Re: [PATCH 14/21] xfs: zap broken inode forks

[Date Prev][Date Next][Thread Prev][Thread Next][Date Index][Thread Index]

 



On Sun, Jun 24, 2018 at 12:24:57PM -0700, Darrick J. Wong wrote:
> From: Darrick J. Wong <darrick.wong@xxxxxxxxxx>
> 
> Determine if inode fork damage is responsible for the inode being unable
> to pass the ifork verifiers in xfs_iget and zap the fork contents if
> this is true.  Once this is done the fork will be empty but we'll be
> able to construct an in-core inode, and a subsequent call to the inode
> fork repair ioctl will search the rmapbt to rebuild the records that
> were in the fork.
> 
> Signed-off-by: Darrick J. Wong <darrick.wong@xxxxxxxxxx>
> ---
>  fs/xfs/libxfs/xfs_attr_leaf.c |   32 ++-
>  fs/xfs/libxfs/xfs_attr_leaf.h |    2 
>  fs/xfs/libxfs/xfs_bmap.c      |   21 ++
>  fs/xfs/libxfs/xfs_bmap.h      |    2 
>  fs/xfs/scrub/inode_repair.c   |  399 +++++++++++++++++++++++++++++++++++++++++
>  5 files changed, 437 insertions(+), 19 deletions(-)
> 
> 
> diff --git a/fs/xfs/libxfs/xfs_attr_leaf.c b/fs/xfs/libxfs/xfs_attr_leaf.c
> index b3c19339e1b5..f6c458104934 100644
> --- a/fs/xfs/libxfs/xfs_attr_leaf.c
> +++ b/fs/xfs/libxfs/xfs_attr_leaf.c
> @@ -894,23 +894,16 @@ xfs_attr_shortform_allfit(
>  	return xfs_attr_shortform_bytesfit(dp, bytes);
>  }
>  
> -/* Verify the consistency of an inline attribute fork. */
> +/* Verify the consistency of a raw inline attribute fork. */
>  xfs_failaddr_t
> -xfs_attr_shortform_verify(
> -	struct xfs_inode		*ip)
> +xfs_attr_shortform_verify_struct(
> +	struct xfs_attr_shortform	*sfp,
> +	size_t				size)

The internal structure checking functions in the directory code
use the naming convention xfs_dir3_<type>_check().
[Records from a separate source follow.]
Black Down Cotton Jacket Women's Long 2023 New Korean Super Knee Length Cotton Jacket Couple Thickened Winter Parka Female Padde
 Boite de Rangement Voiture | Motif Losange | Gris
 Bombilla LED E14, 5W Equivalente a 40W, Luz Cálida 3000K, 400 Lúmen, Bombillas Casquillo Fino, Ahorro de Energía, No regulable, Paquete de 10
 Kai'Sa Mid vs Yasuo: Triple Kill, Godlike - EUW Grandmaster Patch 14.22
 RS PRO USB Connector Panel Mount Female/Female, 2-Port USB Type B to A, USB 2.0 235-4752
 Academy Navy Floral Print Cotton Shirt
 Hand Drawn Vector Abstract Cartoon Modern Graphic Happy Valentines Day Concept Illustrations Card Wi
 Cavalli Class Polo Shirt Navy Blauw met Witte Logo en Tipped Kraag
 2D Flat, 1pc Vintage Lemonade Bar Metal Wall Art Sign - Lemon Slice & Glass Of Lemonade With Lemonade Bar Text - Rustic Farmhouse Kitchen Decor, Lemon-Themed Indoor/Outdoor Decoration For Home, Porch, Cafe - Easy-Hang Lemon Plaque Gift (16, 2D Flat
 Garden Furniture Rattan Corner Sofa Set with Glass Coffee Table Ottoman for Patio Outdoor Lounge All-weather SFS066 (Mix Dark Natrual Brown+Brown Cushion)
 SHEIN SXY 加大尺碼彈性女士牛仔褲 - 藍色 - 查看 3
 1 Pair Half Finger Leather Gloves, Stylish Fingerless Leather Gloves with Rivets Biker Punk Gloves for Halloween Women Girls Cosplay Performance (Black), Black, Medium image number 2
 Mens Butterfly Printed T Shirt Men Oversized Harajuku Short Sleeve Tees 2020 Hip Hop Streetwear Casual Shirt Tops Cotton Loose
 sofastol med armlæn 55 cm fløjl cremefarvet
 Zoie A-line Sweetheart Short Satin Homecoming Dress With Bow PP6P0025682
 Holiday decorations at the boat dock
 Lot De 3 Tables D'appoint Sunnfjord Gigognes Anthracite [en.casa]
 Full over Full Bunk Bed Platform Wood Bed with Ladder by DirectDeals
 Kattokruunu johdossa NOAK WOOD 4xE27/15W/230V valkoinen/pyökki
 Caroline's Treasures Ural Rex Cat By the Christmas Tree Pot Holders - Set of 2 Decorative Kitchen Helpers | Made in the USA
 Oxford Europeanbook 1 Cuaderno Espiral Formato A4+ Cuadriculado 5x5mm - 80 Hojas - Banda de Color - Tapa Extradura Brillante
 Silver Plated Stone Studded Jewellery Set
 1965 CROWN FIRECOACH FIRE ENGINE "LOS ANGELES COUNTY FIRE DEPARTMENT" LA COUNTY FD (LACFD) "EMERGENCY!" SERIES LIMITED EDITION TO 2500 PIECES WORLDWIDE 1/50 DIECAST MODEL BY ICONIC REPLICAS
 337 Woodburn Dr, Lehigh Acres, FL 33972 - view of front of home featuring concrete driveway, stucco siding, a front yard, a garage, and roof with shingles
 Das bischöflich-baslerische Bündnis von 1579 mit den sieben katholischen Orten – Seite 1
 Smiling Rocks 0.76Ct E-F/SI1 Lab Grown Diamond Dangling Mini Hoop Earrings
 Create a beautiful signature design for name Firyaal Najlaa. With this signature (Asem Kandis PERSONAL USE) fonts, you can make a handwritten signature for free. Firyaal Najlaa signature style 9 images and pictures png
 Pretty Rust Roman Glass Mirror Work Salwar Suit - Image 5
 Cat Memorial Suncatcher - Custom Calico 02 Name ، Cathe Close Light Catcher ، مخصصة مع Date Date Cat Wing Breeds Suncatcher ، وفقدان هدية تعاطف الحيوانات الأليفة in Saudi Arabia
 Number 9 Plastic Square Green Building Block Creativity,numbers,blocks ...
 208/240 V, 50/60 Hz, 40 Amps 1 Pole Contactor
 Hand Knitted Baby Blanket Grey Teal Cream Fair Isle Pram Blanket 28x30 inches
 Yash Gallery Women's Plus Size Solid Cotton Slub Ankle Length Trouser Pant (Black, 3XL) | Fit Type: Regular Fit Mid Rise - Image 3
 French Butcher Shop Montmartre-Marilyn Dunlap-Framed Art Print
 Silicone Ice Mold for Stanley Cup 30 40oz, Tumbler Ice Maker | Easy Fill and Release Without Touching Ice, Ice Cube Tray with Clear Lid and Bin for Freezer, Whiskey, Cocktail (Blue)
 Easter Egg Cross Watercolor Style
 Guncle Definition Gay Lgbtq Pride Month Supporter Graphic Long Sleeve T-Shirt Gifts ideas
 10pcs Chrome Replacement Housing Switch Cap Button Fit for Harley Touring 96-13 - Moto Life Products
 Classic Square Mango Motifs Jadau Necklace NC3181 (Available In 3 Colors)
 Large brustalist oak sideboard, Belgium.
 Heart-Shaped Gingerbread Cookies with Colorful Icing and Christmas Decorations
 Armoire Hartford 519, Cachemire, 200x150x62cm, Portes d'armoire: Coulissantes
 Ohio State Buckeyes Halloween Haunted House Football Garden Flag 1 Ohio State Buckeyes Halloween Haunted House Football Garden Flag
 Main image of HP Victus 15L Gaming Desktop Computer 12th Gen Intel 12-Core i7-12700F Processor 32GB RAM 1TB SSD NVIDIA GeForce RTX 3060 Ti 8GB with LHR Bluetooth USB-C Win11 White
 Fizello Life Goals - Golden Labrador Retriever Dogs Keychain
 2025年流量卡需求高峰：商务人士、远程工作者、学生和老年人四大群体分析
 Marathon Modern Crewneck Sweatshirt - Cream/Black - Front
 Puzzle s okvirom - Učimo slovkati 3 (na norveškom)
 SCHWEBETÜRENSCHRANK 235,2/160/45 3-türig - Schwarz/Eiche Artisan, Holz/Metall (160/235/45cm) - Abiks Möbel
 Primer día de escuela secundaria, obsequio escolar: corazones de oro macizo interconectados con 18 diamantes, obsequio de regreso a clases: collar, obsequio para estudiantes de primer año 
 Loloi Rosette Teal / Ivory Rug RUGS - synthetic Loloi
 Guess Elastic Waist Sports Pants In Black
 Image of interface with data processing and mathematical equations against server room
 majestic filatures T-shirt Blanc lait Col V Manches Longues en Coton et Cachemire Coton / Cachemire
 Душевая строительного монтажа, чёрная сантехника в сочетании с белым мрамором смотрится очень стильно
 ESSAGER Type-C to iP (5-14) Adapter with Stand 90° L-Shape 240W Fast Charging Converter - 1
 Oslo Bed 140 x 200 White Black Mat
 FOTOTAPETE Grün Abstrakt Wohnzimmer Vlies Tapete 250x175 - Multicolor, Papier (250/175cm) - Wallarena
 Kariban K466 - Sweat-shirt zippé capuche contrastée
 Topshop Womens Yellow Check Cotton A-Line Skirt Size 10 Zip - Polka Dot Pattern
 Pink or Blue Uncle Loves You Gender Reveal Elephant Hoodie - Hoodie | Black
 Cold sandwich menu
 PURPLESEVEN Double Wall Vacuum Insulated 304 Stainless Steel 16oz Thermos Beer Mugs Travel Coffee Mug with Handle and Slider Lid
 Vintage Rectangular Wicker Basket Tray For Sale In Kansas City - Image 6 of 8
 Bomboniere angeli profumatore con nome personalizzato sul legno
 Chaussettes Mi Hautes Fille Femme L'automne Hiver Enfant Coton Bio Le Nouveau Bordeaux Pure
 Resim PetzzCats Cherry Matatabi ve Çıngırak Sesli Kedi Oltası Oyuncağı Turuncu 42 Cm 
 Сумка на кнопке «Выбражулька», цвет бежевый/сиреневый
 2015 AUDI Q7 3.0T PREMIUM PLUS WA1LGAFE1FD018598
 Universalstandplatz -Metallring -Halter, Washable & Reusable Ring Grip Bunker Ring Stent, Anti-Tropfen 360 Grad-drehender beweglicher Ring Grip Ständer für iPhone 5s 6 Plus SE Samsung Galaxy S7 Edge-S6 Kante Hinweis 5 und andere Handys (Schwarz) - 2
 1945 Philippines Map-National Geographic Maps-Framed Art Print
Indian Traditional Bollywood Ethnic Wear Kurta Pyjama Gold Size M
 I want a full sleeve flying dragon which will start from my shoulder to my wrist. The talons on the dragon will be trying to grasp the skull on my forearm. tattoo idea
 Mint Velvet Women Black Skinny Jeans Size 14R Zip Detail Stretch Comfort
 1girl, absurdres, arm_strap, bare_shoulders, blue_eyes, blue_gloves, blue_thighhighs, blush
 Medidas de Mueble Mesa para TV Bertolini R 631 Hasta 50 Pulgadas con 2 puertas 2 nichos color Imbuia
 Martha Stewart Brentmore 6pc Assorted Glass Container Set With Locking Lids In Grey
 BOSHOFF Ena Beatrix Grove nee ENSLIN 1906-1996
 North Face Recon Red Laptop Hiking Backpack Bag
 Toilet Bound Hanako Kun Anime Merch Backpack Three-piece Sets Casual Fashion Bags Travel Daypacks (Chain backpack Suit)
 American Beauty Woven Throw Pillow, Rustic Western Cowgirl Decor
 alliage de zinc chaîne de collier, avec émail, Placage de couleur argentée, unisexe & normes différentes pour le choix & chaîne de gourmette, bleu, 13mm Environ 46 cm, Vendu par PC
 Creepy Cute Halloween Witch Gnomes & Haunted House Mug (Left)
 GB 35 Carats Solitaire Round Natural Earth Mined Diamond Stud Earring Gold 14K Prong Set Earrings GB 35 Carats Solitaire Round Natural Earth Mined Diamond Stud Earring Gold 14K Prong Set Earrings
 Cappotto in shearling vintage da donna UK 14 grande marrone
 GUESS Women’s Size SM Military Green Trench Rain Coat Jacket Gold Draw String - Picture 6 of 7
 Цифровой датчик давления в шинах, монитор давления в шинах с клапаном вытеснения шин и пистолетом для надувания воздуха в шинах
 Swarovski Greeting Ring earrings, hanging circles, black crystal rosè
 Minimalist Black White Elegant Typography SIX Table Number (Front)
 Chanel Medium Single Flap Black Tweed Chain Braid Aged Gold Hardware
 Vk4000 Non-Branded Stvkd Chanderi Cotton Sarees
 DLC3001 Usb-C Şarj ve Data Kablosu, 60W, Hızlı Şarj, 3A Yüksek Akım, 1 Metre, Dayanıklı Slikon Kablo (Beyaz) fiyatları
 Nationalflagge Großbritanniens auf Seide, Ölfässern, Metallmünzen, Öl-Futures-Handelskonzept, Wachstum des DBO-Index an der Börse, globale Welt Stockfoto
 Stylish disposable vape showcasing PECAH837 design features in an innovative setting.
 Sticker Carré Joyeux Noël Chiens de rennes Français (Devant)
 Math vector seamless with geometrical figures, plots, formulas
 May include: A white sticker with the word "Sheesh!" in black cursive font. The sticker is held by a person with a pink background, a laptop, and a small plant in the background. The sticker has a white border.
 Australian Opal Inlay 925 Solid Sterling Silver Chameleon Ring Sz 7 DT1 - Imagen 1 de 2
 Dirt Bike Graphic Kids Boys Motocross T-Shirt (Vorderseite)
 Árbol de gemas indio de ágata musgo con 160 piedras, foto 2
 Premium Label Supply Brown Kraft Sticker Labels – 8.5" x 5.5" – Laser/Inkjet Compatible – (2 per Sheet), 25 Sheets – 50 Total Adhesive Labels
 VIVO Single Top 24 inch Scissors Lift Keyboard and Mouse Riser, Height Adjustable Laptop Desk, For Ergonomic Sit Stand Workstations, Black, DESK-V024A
I think we should use
the same here. i.e. xfs_attr_sf_check().

> diff --git a/fs/xfs/libxfs/xfs_bmap.c b/fs/xfs/libxfs/xfs_bmap.c
> index b7f094e19bab..b1254e6c17b5 100644
> --- a/fs/xfs/libxfs/xfs_bmap.c
> +++ b/fs/xfs/libxfs/xfs_bmap.c
> @@ -6223,18 +6223,16 @@ xfs_bmap_finish_one(
>  	return error;
>  }
>  
> -/* Check that an inode's extent does not have invalid flags or bad ranges. */
> +/* Check that an extent does not have invalid flags or bad ranges. */
>  xfs_failaddr_t
> -xfs_bmap_validate_extent(
> -	struct xfs_inode	*ip,
> +xfs_bmbt_validate_extent(

xfs_bmbt_ prefixes should only appear in xfs_bmap_btree.c, not
xfs_bmap.c....

So either it needs to get moved or renamed to something like
xfs_bmap_validate_irec()?


> diff --git a/fs/xfs/scrub/inode_repair.c b/fs/xfs/scrub/inode_repair.c
> index 4ac43c1b1eb0..b941f21d7667 100644
> --- a/fs/xfs/scrub/inode_repair.c
> +++ b/fs/xfs/scrub/inode_repair.c
> @@ -22,11 +22,15 @@
>  #include "xfs_ialloc.h"
>  #include "xfs_da_format.h"
>  #include "xfs_reflink.h"
> +#include "xfs_alloc.h"
>  #include "xfs_rmap.h"
> +#include "xfs_rmap_btree.h"
>  #include "xfs_bmap.h"
> +#include "xfs_bmap_btree.h"
>  #include "xfs_bmap_util.h"
>  #include "xfs_dir2.h"
>  #include "xfs_quota_defs.h"
> +#include "xfs_attr_leaf.h"
>  #include "scrub/xfs_scrub.h"
>  #include "scrub/scrub.h"
>  #include "scrub/common.h"
> @@ -113,7 +117,8 @@ xfs_repair_inode_mode(
>  STATIC void
>  xfs_repair_inode_flags(
>  	struct xfs_scrub_context	*sc,
> -	struct xfs_dinode		*dip)
> +	struct xfs_dinode		*dip,
> +	bool				is_rt_file)
>  {
>  	struct xfs_mount		*mp = sc->mp;
>  	uint64_t			flags2;
> @@ -132,6 +137,10 @@ xfs_repair_inode_flags(
>  		flags2 &= ~XFS_DIFLAG2_REFLINK;
>  	if (flags2 & XFS_DIFLAG2_REFLINK)
>  		flags2 &= ~XFS_DIFLAG2_DAX;
> +	if (is_rt_file)
> +		flags |= XFS_DIFLAG_REALTIME;
> +	else
> +		flags &= ~XFS_DIFLAG_REALTIME;

This needs to be done first. i.e. before we check things like rt vs
reflink flags.

> @@ -210,17 +219,402 @@ xfs_repair_inode_extsize_hints(
>  	}
>  }
>  
> +struct xfs_repair_inode_fork_counters {
> +	struct xfs_scrub_context	*sc;
> +	xfs_rfsblock_t			data_blocks;
> +	xfs_rfsblock_t			rt_blocks;

inode is either data or rt, not both. Why do you need two separate
counters? Oh, bmbt blocks are always data, right? Coment, perhaps?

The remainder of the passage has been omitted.